[Requirement]
Using the records below, write out again exactly the lines that begin at the line containing "Tractor DAF CF 440: foto 16" and end at the line containing "Erkek Siyah Bağcıklı", and no other lines.

Exercise input START

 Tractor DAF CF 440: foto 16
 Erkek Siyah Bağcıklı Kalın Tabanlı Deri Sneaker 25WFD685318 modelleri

Exercise input END
Exercise input START

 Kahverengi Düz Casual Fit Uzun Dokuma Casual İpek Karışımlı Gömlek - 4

Exercise input END
Exercise input START

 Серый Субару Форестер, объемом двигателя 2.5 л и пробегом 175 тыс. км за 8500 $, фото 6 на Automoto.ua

Exercise input END

[Output for this task]
 Tractor DAF CF 440: foto 16
 Erkek Siyah Bağcıklı Kalın Tabanlı Deri Sneaker 25WFD685318 modelleri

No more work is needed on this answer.